In management consultancy recruitment, while interview questions change, an interviewer ultimately wants to know why they should hire you. Every interview question has a purpose.
In this blog series we will provide insight into management consultancy recruitment and specifically interview questions and how best to answer them. An interviewer’s aim is to determine why you want to work for them, whether you’ll be a good organisational and culture fit, and what experience you bring to the table. Beyond these key aspects interviewers are trying to determine your career expectations, salary expectations, fill in any obvious ‘CV gaps’ and if possible discover a little more about you.
The “Why you” questions
With each of these interview questions remember ‘professional not personal’. Interviewers do not want to know that your weakness is chocolate and you have 10 amazing cats. In fact best to keep the latter to yourself on all occasions. They want to know what you will bring to their consulting team and that you are honest and self-aware.
Question 1: Can you tell me a little about yourself?
Why are you right for this job? What management consultancy experience or accomplishments can you highlight to back this up? Keep it concise. This is not the time to list your employment history: your interviewers have read your CV so do not repeat it verbatim but instead expand upon it.
Question 2: Why should we hire you?
A daunting question but a great opportunity to highlight your key skills and attributes: relate these to the company’s goals and the job spec. Why are you the best candidate for the position? How will you fit in this management consultancy team/company? Prove it with specific examples. This shows your interviewer that you are self-aware, can sell yourself and you’ve done your research (highlighting that you are well prepared and truly interested in the role).
Question 3: What are your greatest strengths?
This question (and the following one) might be a cliché but they are very good questions and you need to be prepared for them and for others which might sound different but are actually the same.
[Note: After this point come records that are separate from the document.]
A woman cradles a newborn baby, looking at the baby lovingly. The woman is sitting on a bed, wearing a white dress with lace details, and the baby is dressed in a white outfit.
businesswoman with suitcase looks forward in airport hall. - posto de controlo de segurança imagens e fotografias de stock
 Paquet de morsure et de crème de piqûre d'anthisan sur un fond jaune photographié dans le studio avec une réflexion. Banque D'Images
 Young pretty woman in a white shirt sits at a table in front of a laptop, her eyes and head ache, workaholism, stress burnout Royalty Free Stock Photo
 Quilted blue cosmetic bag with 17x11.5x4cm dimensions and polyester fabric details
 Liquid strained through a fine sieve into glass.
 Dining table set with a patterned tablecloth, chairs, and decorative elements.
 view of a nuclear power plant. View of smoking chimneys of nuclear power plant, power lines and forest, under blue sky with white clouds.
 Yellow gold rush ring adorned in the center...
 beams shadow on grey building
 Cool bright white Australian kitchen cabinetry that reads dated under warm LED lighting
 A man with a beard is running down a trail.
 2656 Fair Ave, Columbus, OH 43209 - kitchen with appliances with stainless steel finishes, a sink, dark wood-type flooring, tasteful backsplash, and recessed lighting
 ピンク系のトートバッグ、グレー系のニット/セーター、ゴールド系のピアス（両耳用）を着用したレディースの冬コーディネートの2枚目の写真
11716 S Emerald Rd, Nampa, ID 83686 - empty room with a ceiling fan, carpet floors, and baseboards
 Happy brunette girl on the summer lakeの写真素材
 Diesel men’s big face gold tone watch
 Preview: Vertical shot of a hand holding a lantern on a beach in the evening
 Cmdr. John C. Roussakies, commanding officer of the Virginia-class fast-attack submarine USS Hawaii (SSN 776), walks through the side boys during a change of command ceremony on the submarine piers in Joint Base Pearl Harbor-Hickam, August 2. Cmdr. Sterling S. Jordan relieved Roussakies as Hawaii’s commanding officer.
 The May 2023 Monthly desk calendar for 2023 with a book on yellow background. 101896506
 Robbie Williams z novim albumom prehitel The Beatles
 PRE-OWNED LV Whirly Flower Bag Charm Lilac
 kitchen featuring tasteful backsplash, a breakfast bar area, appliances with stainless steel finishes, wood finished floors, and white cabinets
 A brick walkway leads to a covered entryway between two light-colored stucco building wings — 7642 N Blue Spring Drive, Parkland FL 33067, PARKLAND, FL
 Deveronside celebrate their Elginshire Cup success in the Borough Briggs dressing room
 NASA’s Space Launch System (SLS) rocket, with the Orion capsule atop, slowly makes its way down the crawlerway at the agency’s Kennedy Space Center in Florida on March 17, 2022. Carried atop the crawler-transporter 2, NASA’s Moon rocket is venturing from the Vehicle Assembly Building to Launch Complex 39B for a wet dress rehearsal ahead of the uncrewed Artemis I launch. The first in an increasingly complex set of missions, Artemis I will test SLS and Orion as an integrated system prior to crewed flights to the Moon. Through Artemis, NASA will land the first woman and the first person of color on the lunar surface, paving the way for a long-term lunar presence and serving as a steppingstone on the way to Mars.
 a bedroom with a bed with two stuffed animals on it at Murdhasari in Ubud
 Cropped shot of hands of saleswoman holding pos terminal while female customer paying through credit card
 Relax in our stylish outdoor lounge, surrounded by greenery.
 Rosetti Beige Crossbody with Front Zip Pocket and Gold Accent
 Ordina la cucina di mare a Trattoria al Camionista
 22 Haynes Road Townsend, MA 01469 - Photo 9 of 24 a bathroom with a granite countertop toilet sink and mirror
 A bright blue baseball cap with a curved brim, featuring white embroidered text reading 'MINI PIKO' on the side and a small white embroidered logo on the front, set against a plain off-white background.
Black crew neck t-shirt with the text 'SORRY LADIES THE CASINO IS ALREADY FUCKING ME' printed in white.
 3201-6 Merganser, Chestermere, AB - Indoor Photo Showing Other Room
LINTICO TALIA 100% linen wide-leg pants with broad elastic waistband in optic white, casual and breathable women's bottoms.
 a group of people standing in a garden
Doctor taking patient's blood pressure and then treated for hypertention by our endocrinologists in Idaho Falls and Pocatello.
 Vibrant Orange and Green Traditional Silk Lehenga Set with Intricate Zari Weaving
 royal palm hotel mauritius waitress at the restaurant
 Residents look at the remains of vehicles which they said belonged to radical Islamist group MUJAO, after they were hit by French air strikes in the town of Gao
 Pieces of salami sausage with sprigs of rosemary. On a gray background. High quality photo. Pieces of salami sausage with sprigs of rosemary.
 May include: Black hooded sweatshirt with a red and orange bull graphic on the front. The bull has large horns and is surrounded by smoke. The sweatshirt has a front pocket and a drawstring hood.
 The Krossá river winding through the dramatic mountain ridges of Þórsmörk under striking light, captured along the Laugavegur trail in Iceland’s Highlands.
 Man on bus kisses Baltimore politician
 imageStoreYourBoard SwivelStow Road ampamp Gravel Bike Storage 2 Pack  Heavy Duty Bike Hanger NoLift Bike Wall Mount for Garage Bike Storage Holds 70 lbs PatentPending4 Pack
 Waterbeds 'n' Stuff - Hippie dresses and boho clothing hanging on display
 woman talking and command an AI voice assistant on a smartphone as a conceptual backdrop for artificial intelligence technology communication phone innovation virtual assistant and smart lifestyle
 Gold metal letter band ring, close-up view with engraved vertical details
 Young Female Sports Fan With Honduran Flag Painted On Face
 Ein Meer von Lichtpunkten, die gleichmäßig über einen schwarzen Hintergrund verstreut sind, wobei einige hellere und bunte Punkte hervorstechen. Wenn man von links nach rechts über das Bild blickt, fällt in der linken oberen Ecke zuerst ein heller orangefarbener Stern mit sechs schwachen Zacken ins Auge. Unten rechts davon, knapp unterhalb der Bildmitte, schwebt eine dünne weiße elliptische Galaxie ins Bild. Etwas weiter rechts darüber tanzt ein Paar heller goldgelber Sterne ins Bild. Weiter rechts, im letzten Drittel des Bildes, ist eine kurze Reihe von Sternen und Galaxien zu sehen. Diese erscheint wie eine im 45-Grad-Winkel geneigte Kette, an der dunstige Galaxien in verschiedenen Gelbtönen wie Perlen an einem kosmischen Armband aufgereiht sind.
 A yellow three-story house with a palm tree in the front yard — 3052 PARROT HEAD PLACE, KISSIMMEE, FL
The following points might help to focus your answers: once again think professional not personal.
*What are your key skills?
*How are these relevant to this particular management consultancy role?
*Most importantly quote specific examples to showcase these strengths: it’s implied in the question.
Question 4: What do you consider to be your weaknesses?
Let’s be honest: this is a stinker which is why it’s such a good question.
The best tactic is to either volunteer something that is not relevant for the role (i.e. its opposite is not on the list of essential/desirable characteristics) or is something that you can provide evidence you are tackling and getting better at.
Neither “I’m always running late” nor “I can’t think of anything” will leave your interviewer with a positive impression. When preparing your response in advance be self-aware and honest. If you identify a weakness don’t just say you will improve it for the sake of the interview, actually do something. You’ll be a better employee and you will have a great answer for this interview question. If your answer really is “I’m always running late” then a much better response is “I used to struggle with time-management in the morning but now I arrive 15 minutes earlier each day: this provides time to deal with unexpected tasks before my scheduled meetings begin”. This shows you have identified a weakness and worked to improve it.
Question 5: What is your greatest achievement?
Be specific; focus on your professional accomplishments within management consultancy and how these achievements benefited the business. Did you increase sales? If so, by how much? Over what time period? How did this impact overall sales targets and business development? Relate your success back to the role to which you are applying. This is your opportunity to show why you are the best candidate for the role and what you could do for their business if they employed you.
You CAN use selected and compelling personal achievements if they are relevant and demonstrate qualities expected in the role. But think marathon running rather than 5k i.e. if they are not impressive then best not to.
The most important element in answering “Why you?” questions is preparation. Practise your answers again and again, then practise with an audience and ask for feedback.
Your perfect answers are unique to you, concise, compelling and sound natural.